▶ [The data]:
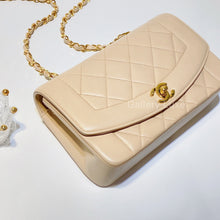 将图片加载到图库查看器，No.2693-Chanel Vintage Lambskin Diana Bag 22cm
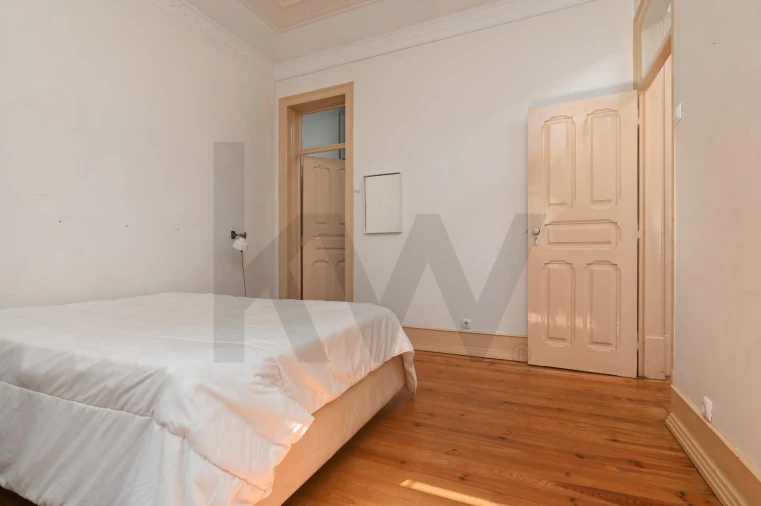 Apartamento T4 para Venda em Arroios Foto 3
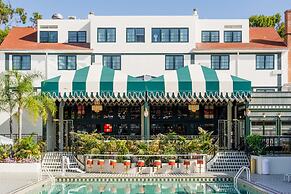 Lafayette Hotel & Club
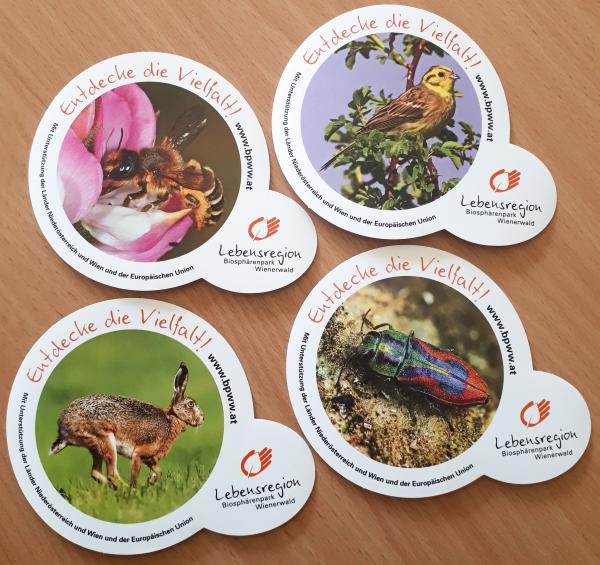 Die neuen Aufkleber weisen auf besondere Tier- und Pflanzenarten im Biosphärenpark Wienerwald hin. 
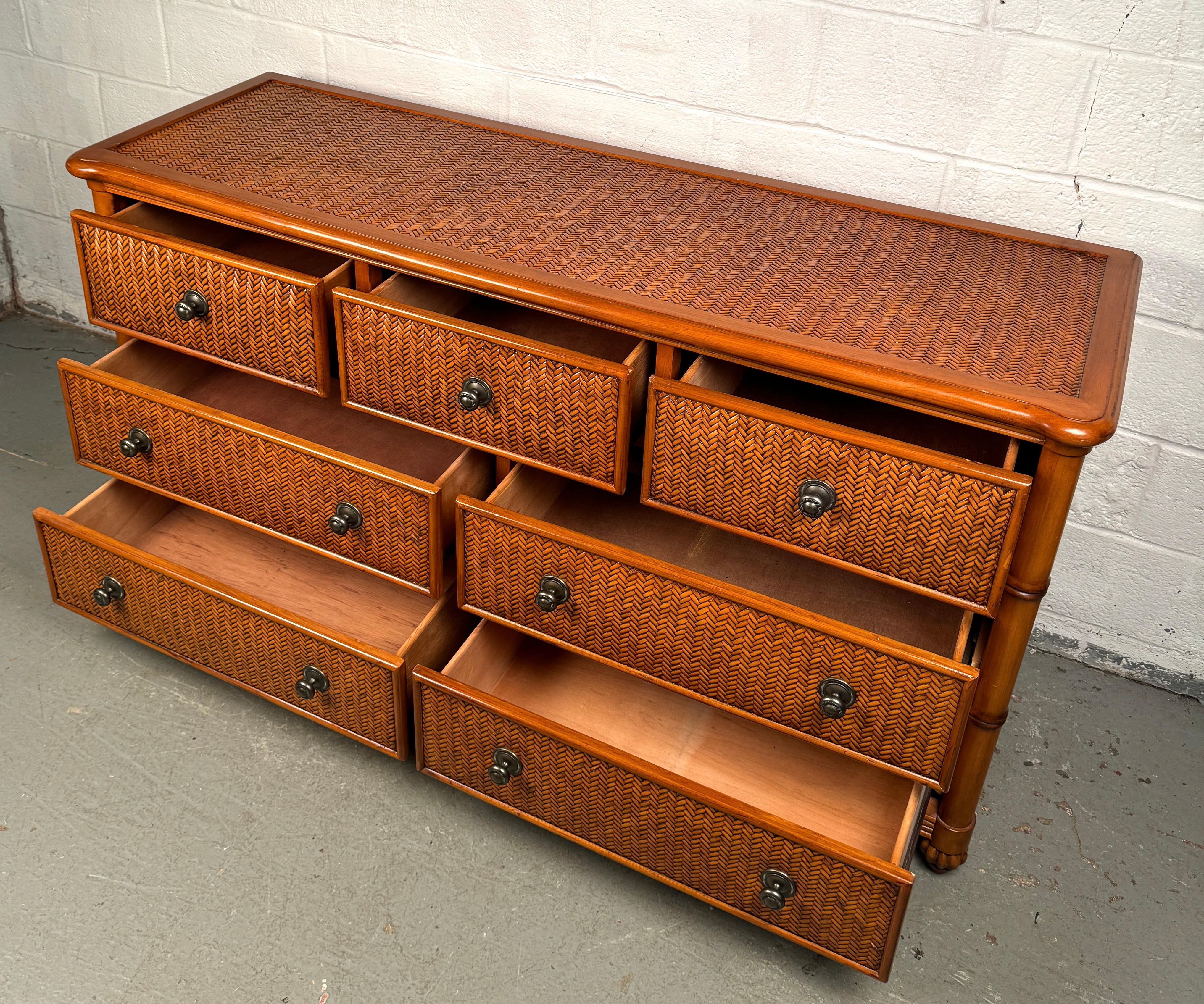 Comò a sette cassetti in rattan e bambù vintage in vendita 6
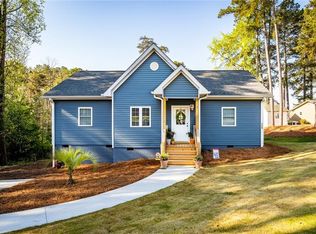 129 Peninsula Pt, Starr, SC 29684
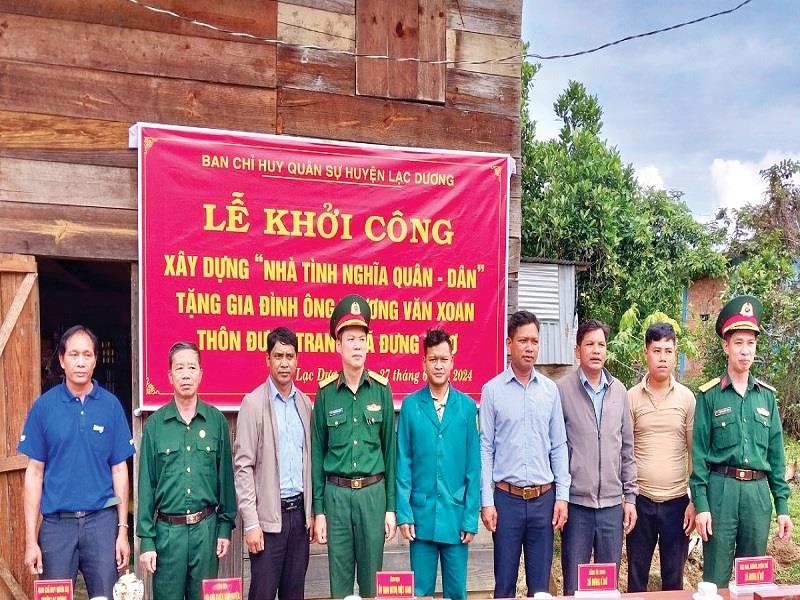 Ban CHQS huyện Lạc Dương hỗ trợ xây dựng nhà tình nghĩa quân - dân cho hộ cận nghèo tại xã Đưng K'nớ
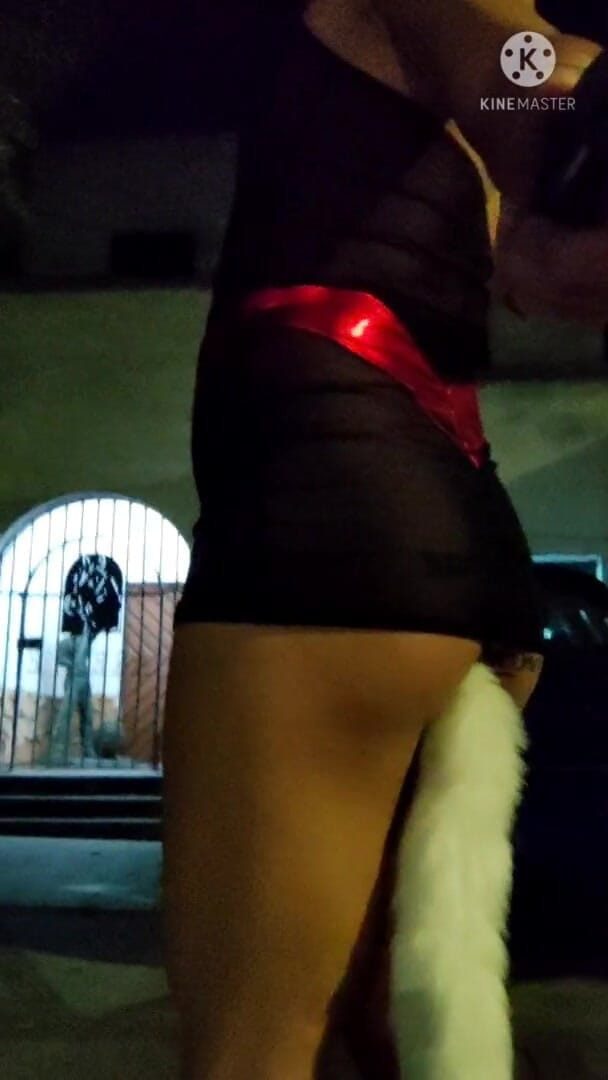 Traviezisha: Sissy transvesthemd in keuschheit geht nachts mit einem Fuchsschwanz-analplug in...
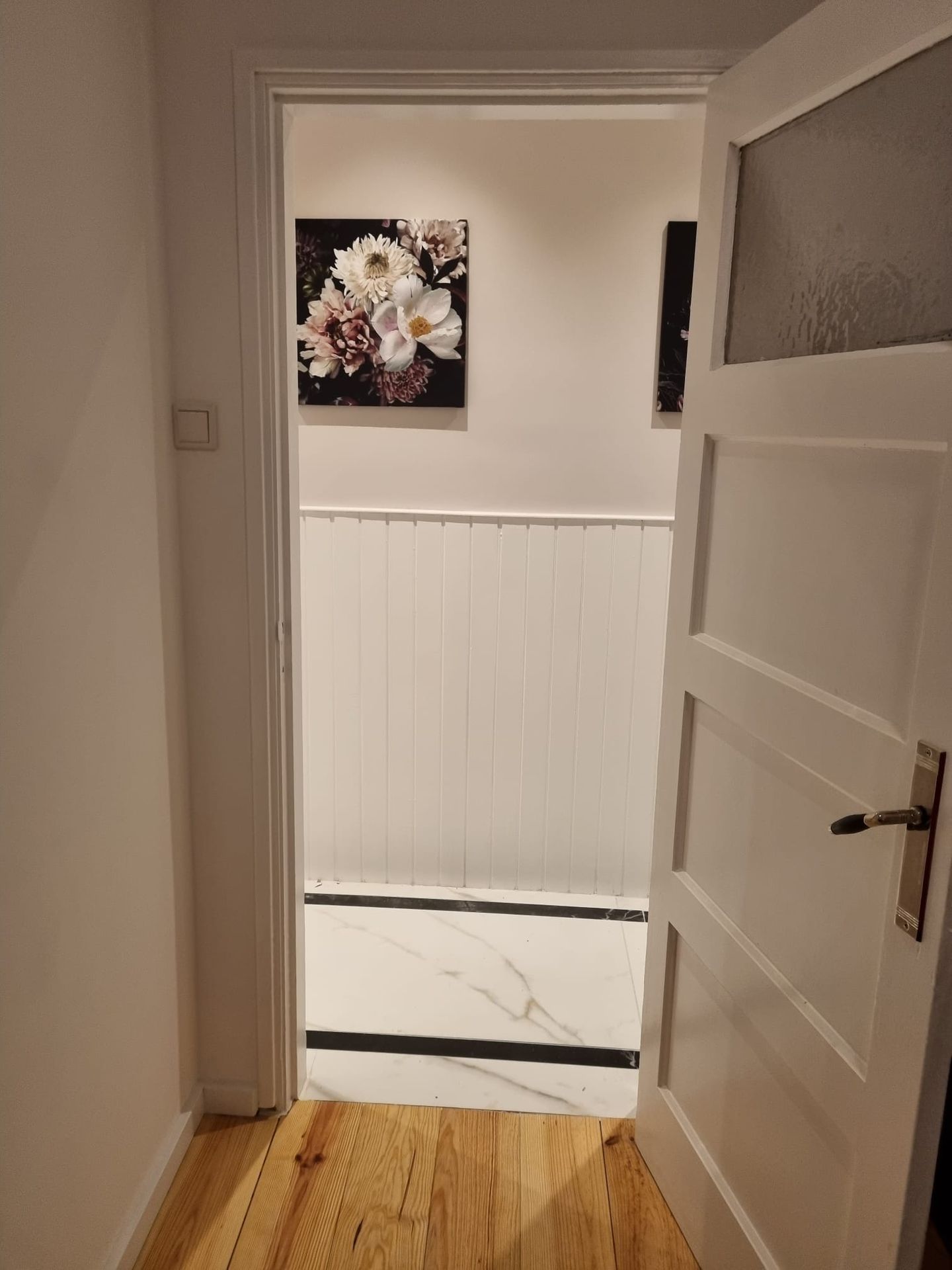 Photo 59 of Teding van Berkhoutstraat 23-II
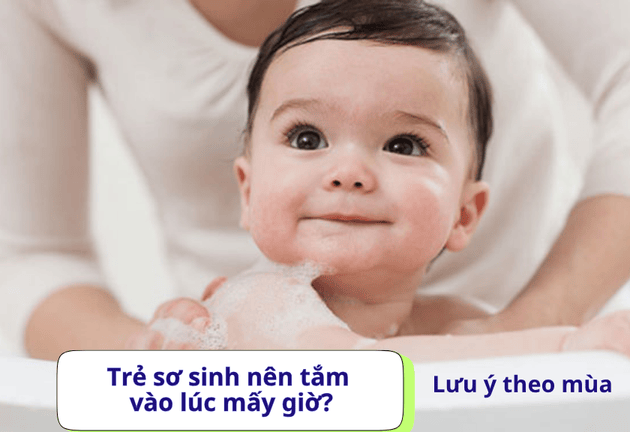 Trẻ sơ sinh nên tắm vào lúc mấy giờ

▶ [What you need to do]:
Only the lines from the one holding "Comò a sette" to the last line of the entries above should be printed, exactly as they appear and with no pictures.

▶ [Output of the task]:
 Comò a sette cassetti in rattan e bambù vintage in vendita 6
 129 Peninsula Pt, Starr, SC 29684
 Ban CHQS huyện Lạc Dương hỗ trợ xây dựng nhà tình nghĩa quân - dân cho hộ cận nghèo tại xã Đưng K'nớ
 Traviezisha: Sissy transvesthemd in keuschheit geht nachts mit einem Fuchsschwanz-analplug in...
 Photo 59 of Teding van Berkhoutstraat 23-II
 Trẻ sơ sinh nên tắm vào lúc mấy giờ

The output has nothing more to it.